Our weather here in Nova Scotia has been a bit strange this year.  We get some snow. Then we get freezing rain, then rain, then the temperature goes up and melts lots of the snow, but it then drops and leaves an icy coating and then we get snow again which covers the ice…and the process repeats.  As a result, we haven’t been getting our long walks in the morning, because walking on our driveway is a bit of a risk.  You don’t know where you’ll encounter ice while walking in the dark.  Even the LAWN was an icy minefield for a few days.  So the other morning while my human was attempting to keep her balance and still hold onto leashes for two dogs, she was a BIT unhappy when Einstein and I started sniffing MADLY around the house and we were dragging her – or sliding her – from snow mound to snow mound, with our noses STUCK to the ground.  My human wondered just WHAT we could be sniffing.  We haven’t seen any bunnies lately – and the bunnies don’t typically come all that close to the house anyway- so we doubted it was them.  BUT – I wonder if the mystery was solved the night before last when my human got a frantic text from one of the neighbors.  The neighbor texted to warn that there was a coyote in a yard on our road.
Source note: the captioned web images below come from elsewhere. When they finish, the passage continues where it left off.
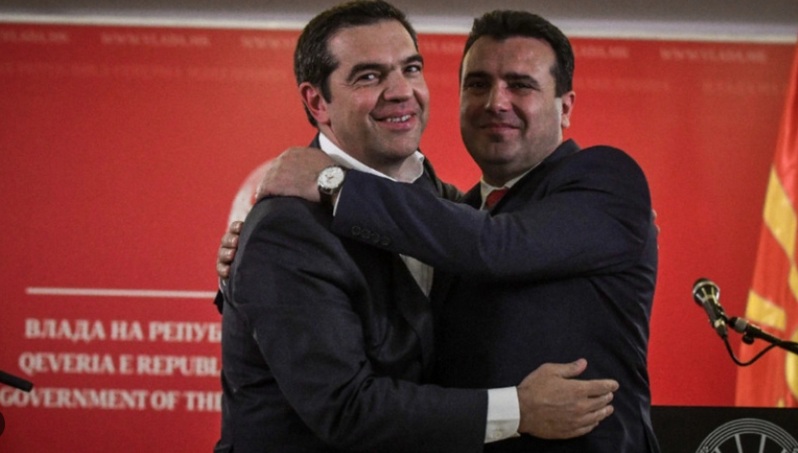 НА ДЕНЕШЕН ДЕН: Заев и Ципрас пред 6 години во Давос направиле прво здраво-живо и набргу потоа и го сменија името на Македонија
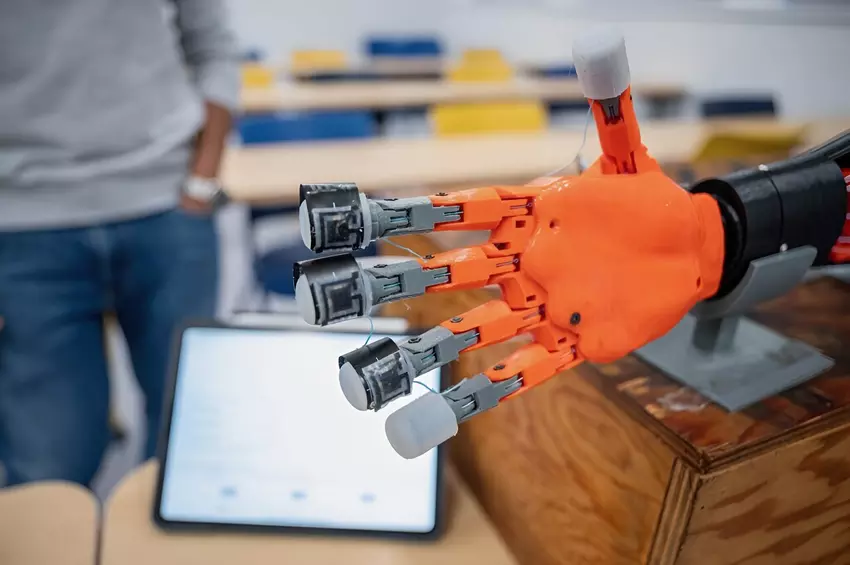 Durchbruch in der Robotik: Wissenschaftler haben zusammen mit Honda einen Sensor entwickelt, der der menschlichen Haut ähnelt - dies wird die Verbesserung humanoider Roboter ermöglichen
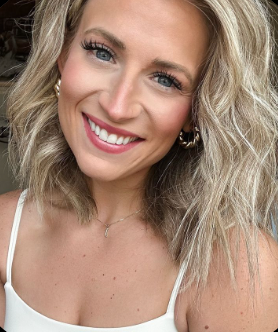 Emily R.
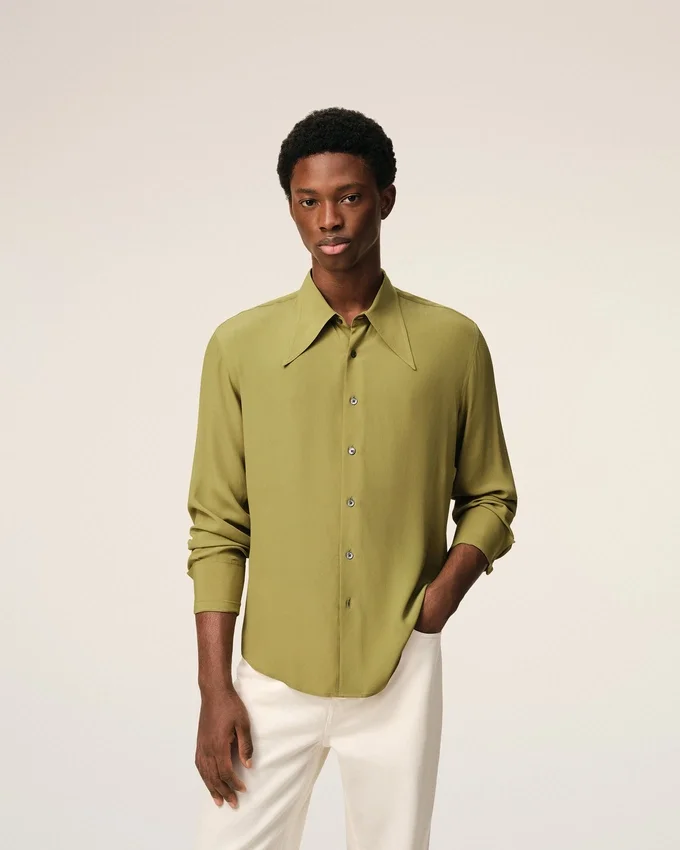Green Blended Silk Sharp Collar Adjusted Shirt Green Blended Silk Sharp Collar Adjusted Shirt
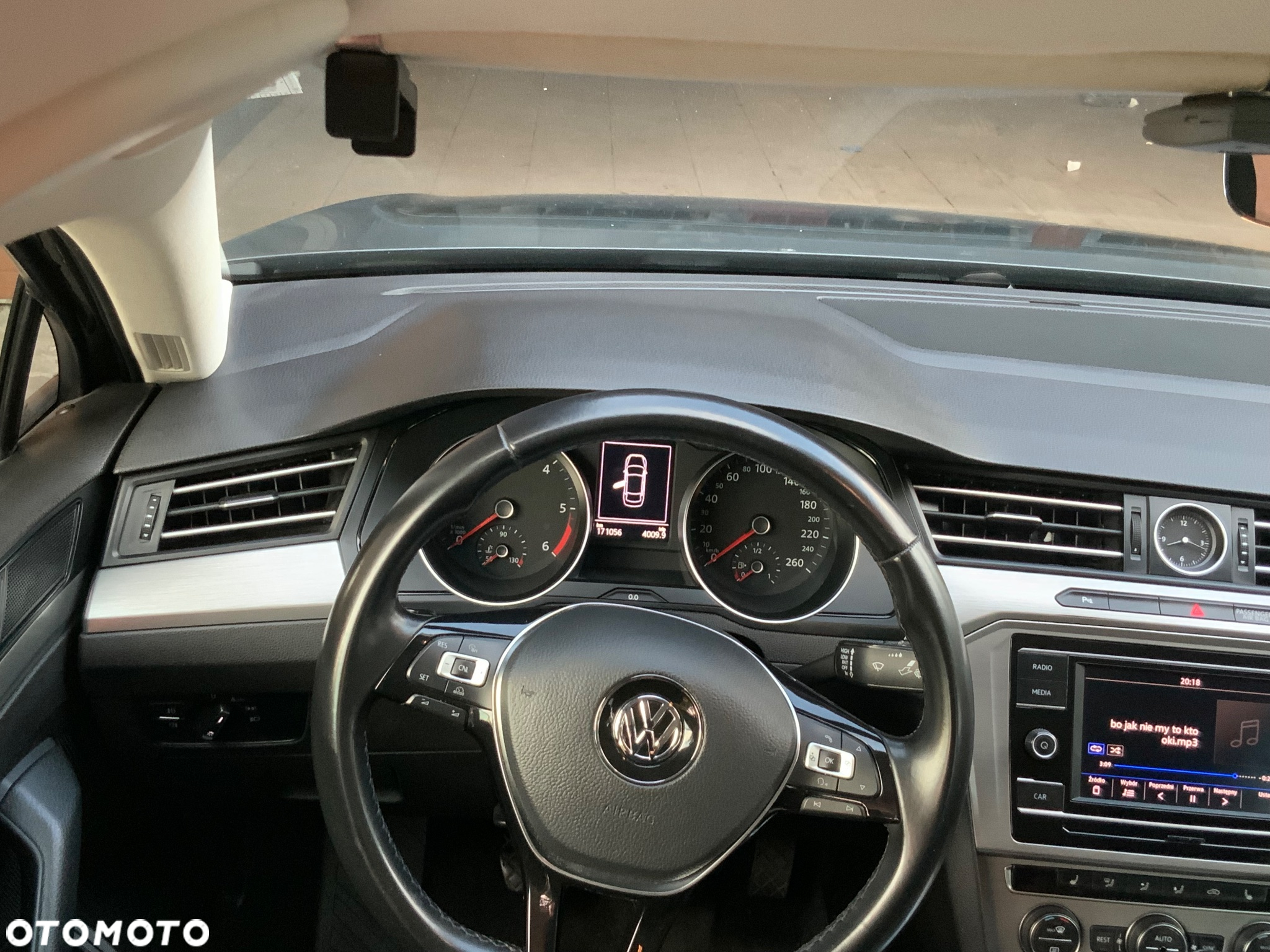 Volkswagen Passat 2.0 TDI BMT Trendline - 14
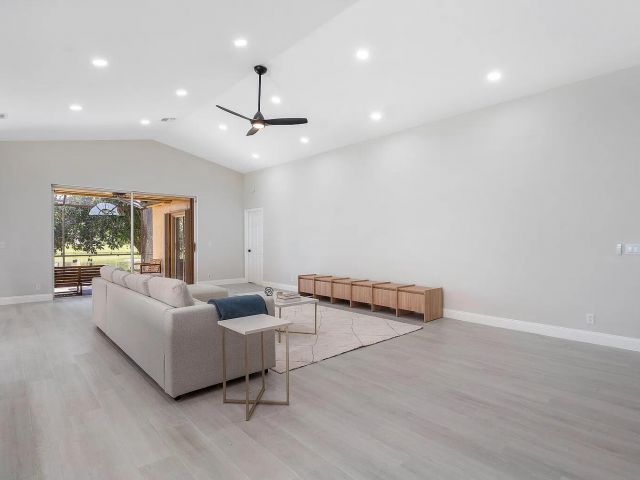 Дом в аренду по адресу 8031 Nadmar Avenue - фото 6754735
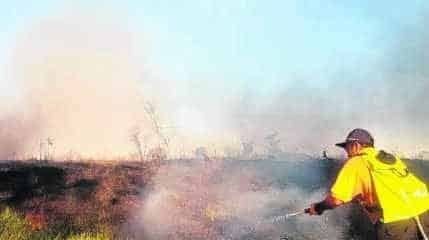 Corpo de Bombeiros e Defesa Civil de Rio Claro combateram incêndio em uma área extensa no Distrito Industrial. Chamas destruíram uma área total de 10 mil m²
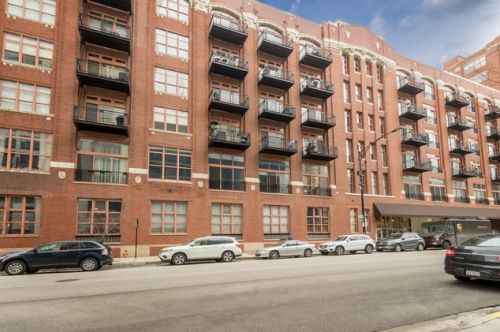 360 Illinois St, Chicago IL 60654-3658 exterior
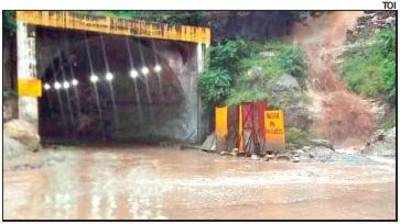 Flash floods, landslides block major roads in HP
It was around 8 in the evening.

We know that there are coyotes around – we’ve certainly heard them from a distance.  But no one had seen any on the road – at least not for a LONG time.

Now if you live in coyote country, there are tips to protect your dogs from altercations.  In our case, given our size, it is not as likely that a coyote would attack us – although they COULD view us as competition.  So one never knows.  Smaller dogs and certainly cats, though, are really at a much greater risk.  My human is always with us on walks, and as a rule, coyotes will generally avoid humans. But if one does encounter a coyote, one should try to look as big as possible.  Humans should stand tall and maintain eye contact.  Do NOT run away.  In fact, experts suggest that you should try to scare the coyote away by yelling, stomping your feet and even throwing rocks or sticks near the coyote.  But there is a caution with this behavior… If the time of year is between August and January – that’s when you scare a coyote.  HOWEVER, if it is between February and July – when coyotes may have pups and you MAY be near their den, by trying to scare them, you may actually agitate them and they MAY act out to protect their den.  In this case, you just stand tall, and walk calmly away, watching the coyote at all times.

If you know there are coyotes in your area, be sure to NOT leave dog or cat food outdoors.  Make sure access to compost is secure. Even cleaning up our poop is suggested, as coyotes could be attracted to it. Guess they are into recycling like me.

Coyotes are becoming more and more of a nuisance in recent years – and there is even evidence of “urban coyotes” in places like NewYork City’s Central Park.  They are becoming used to humans, which can result in more and more encounters.  Honestly, if given the choice between encountering a bear or a coyote, I think I’d pick the bear.  At least the bears we have around here – which are black bears – and who typically run when they see humans.  Now grizzlies and polar bears (which we don’t have) are another story…Coyotes, to me are scarier than black bears and I REALLY would not want to face more than one…

So we’ll be making lots of noise when we go out after dark and my human will actually start carrying a walking stick.  Just for good measure.  That is, when the ice melts…Wonder how those coyotes are managing on the ice…

Have a good one.  Peace and paws up!